▶ Short web captions:
[Start of Attachment]

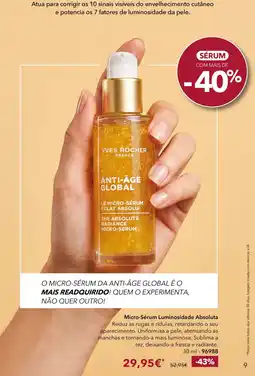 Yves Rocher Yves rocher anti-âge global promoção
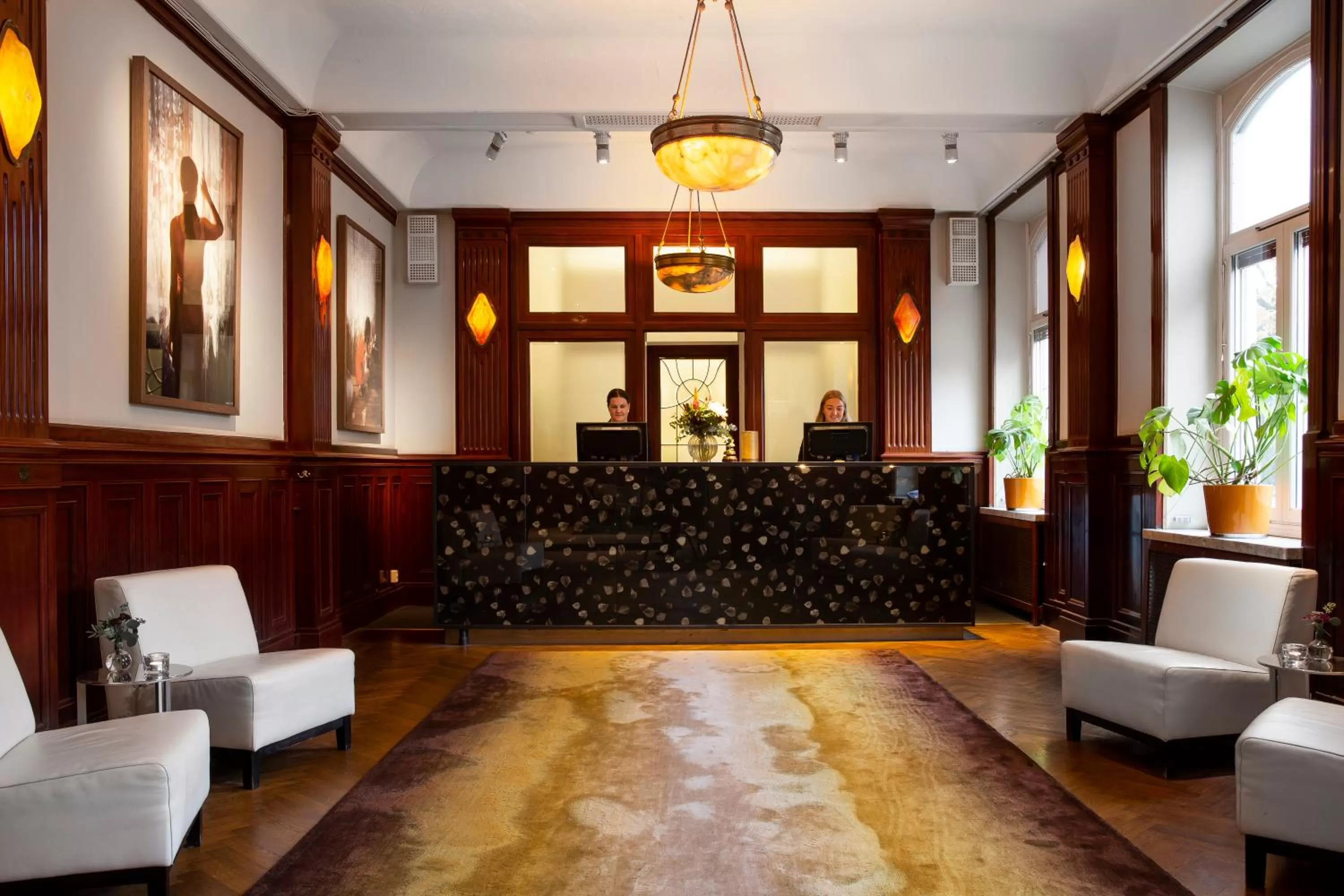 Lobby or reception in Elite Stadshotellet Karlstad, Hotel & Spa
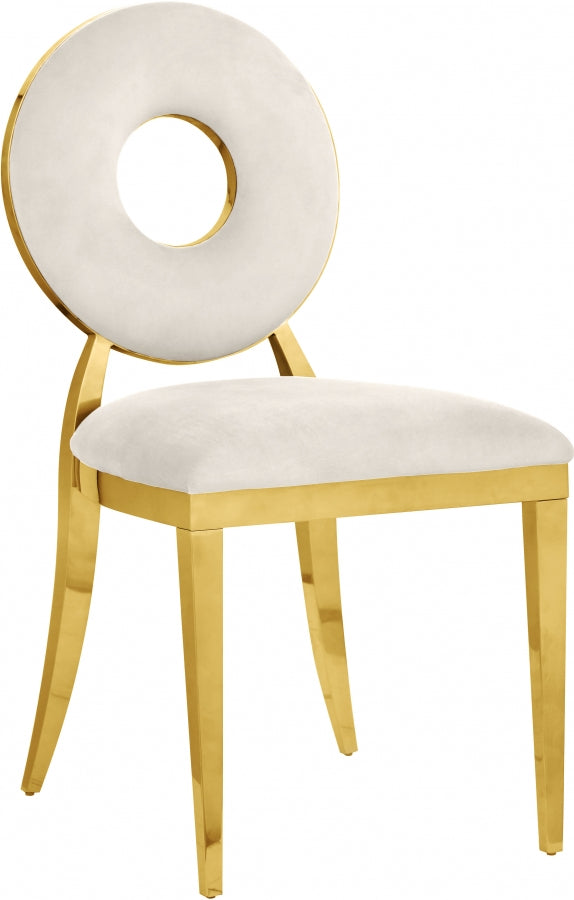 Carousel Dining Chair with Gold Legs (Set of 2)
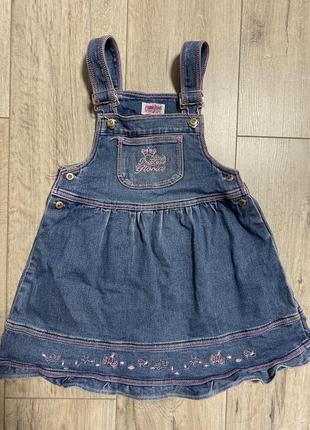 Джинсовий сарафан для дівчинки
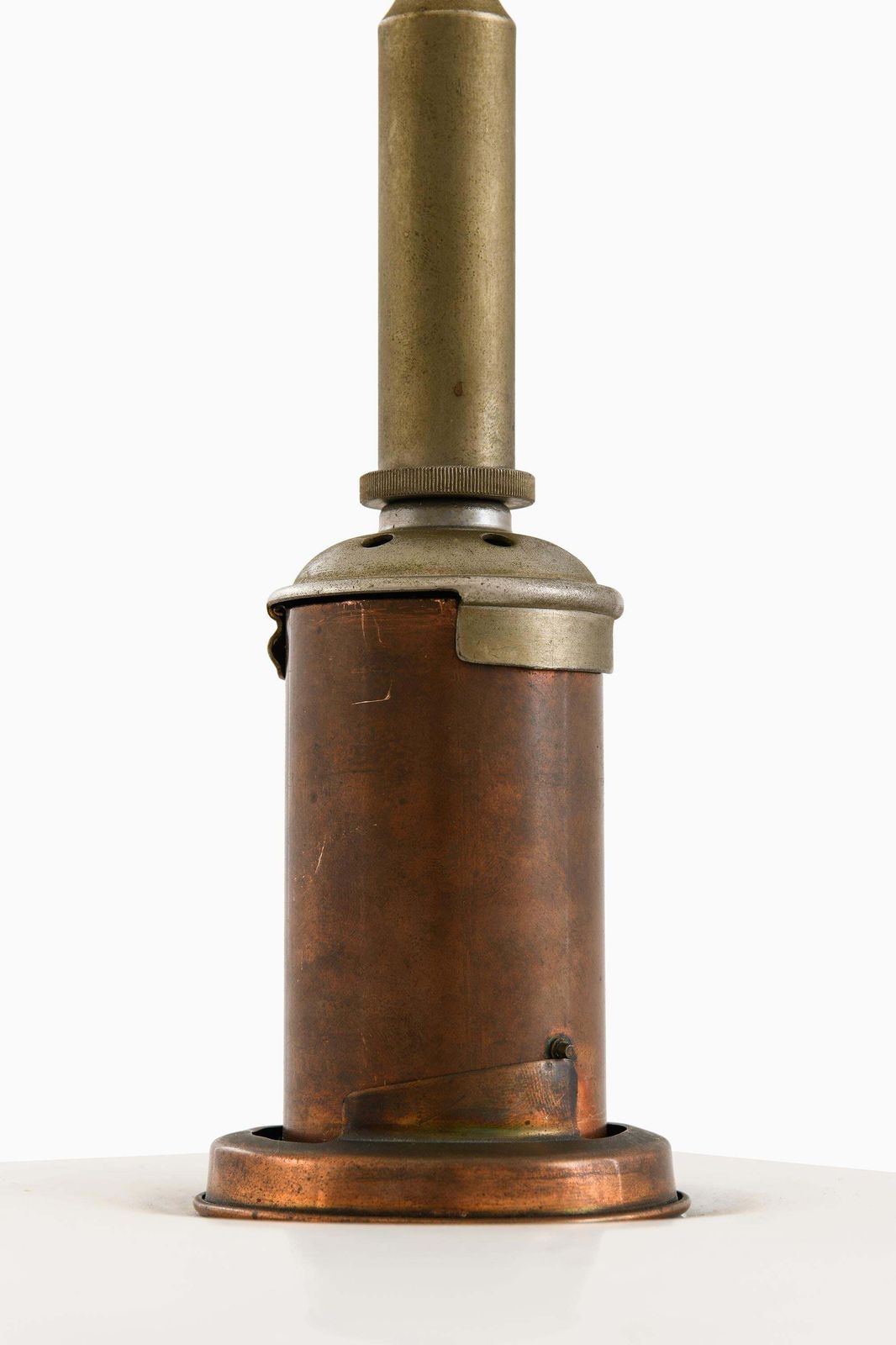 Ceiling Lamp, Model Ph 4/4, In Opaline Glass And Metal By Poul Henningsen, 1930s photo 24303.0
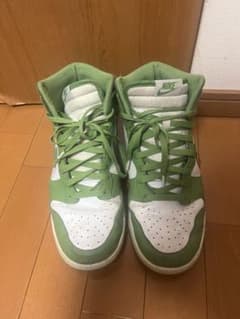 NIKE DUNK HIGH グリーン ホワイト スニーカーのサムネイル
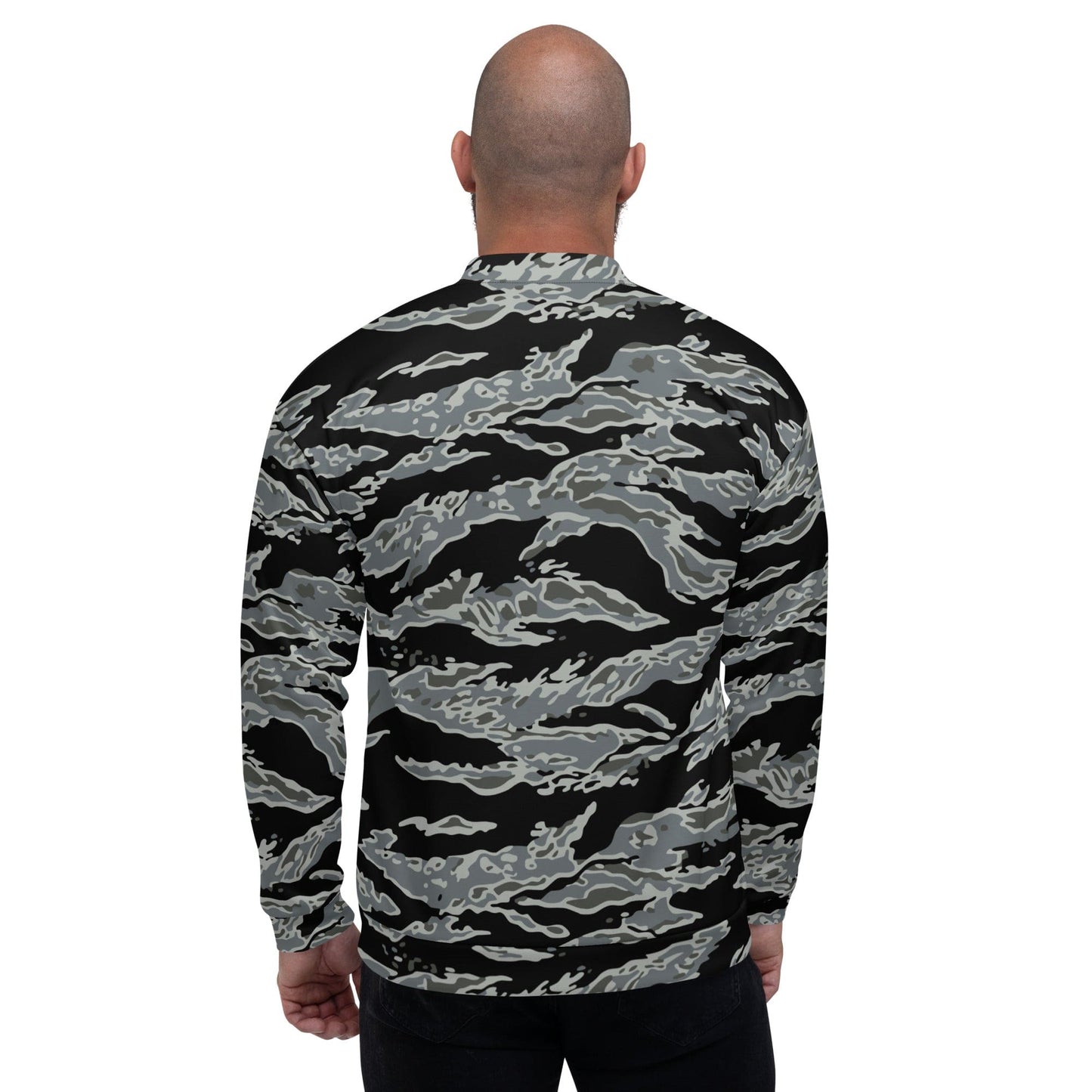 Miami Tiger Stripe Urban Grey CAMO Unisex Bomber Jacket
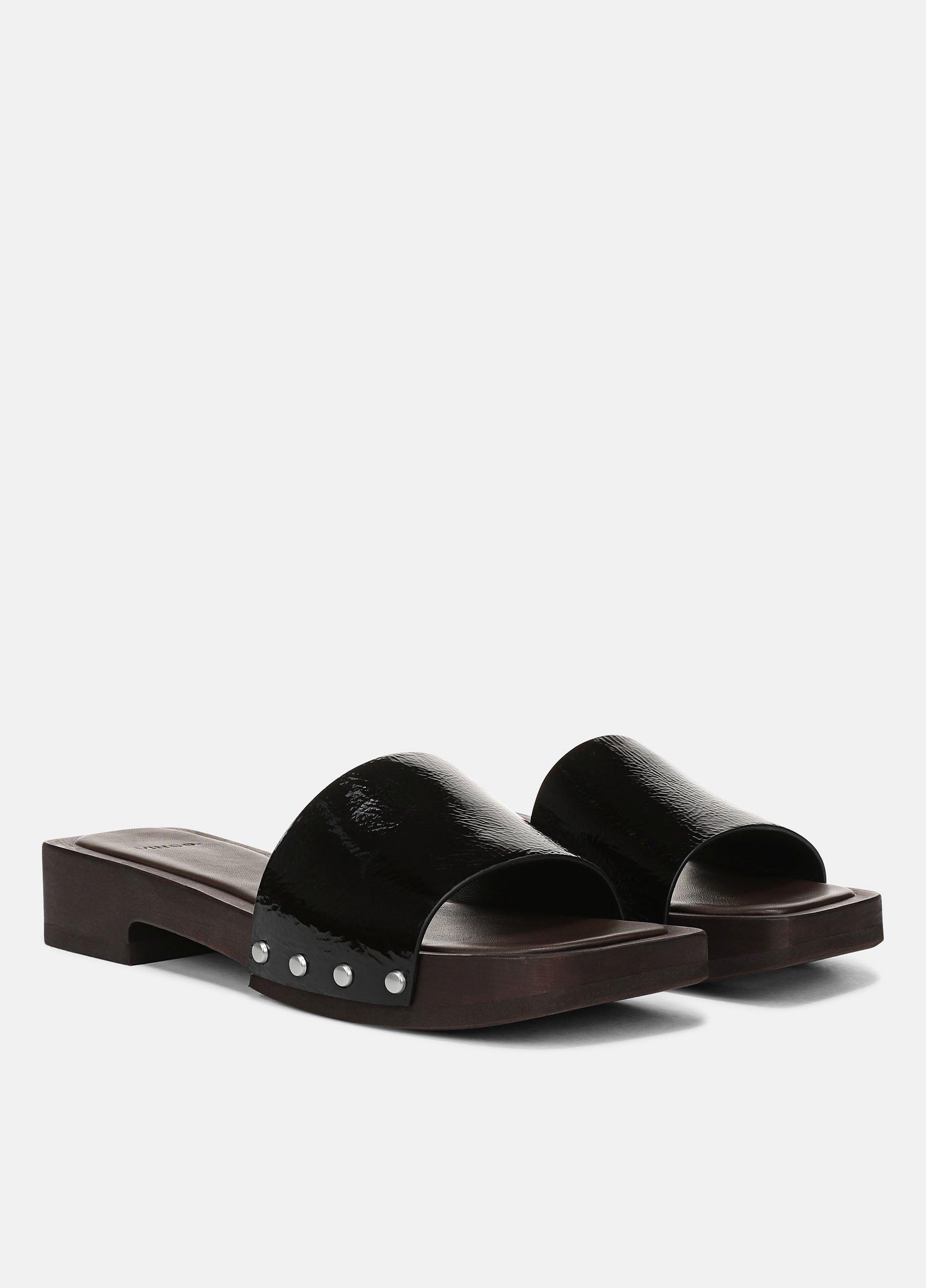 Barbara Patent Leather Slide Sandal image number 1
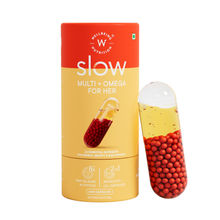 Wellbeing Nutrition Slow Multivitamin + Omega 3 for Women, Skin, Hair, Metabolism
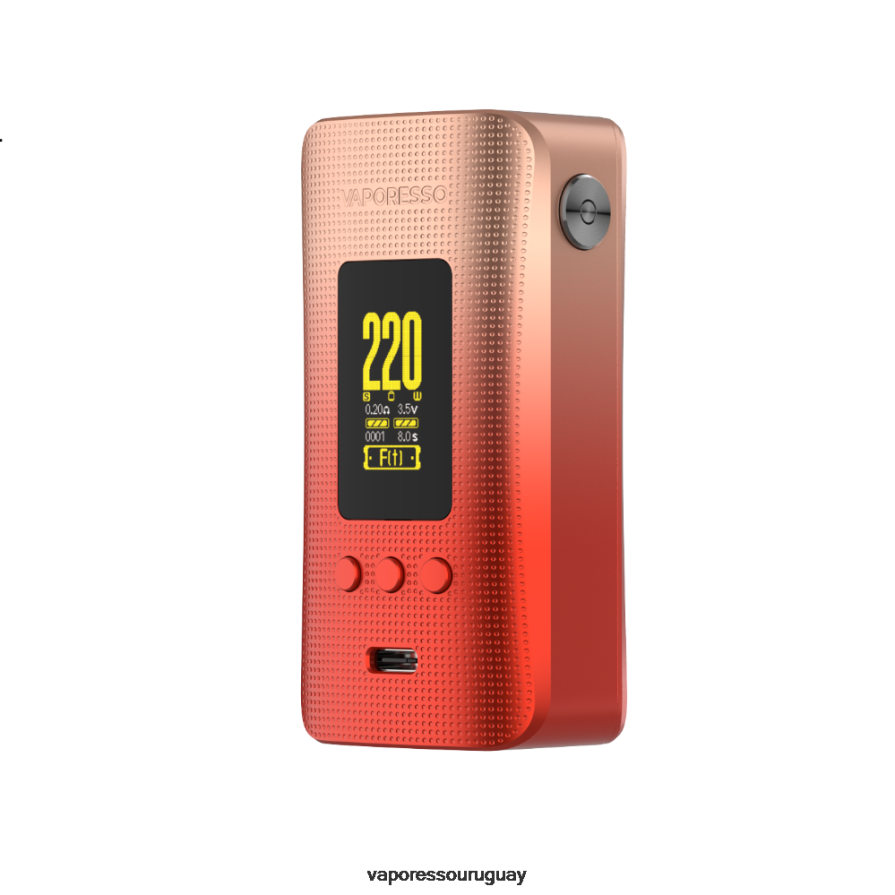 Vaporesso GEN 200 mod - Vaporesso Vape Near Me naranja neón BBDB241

[End of Attachment]

In the copy, include no pictures; otherwise transcribe the entries exactly.

 Yves Rocher Yves rocher anti-âge global promoção
 Lobby or reception in Elite Stadshotellet Karlstad, Hotel & Spa
 Carousel Dining Chair with Gold Legs (Set of 2)
 Джинсовий сарафан для дівчинки
 Ceiling Lamp, Model Ph 4/4, In Opaline Glass And Metal By Poul Henningsen, 1930s photo 24303.0
 NIKE DUNK HIGH グリーン ホワイト スニーカーのサムネイル
 Miami Tiger Stripe Urban Grey CAMO Unisex Bomber Jacket
 Barbara Patent Leather Slide Sandal image number 1
 Wellbeing Nutrition Slow Multivitamin + Omega 3 for Women, Skin, Hair, Metabolism
 Vaporesso GEN 200 mod - Vaporesso Vape Near Me naranja neón BBDB241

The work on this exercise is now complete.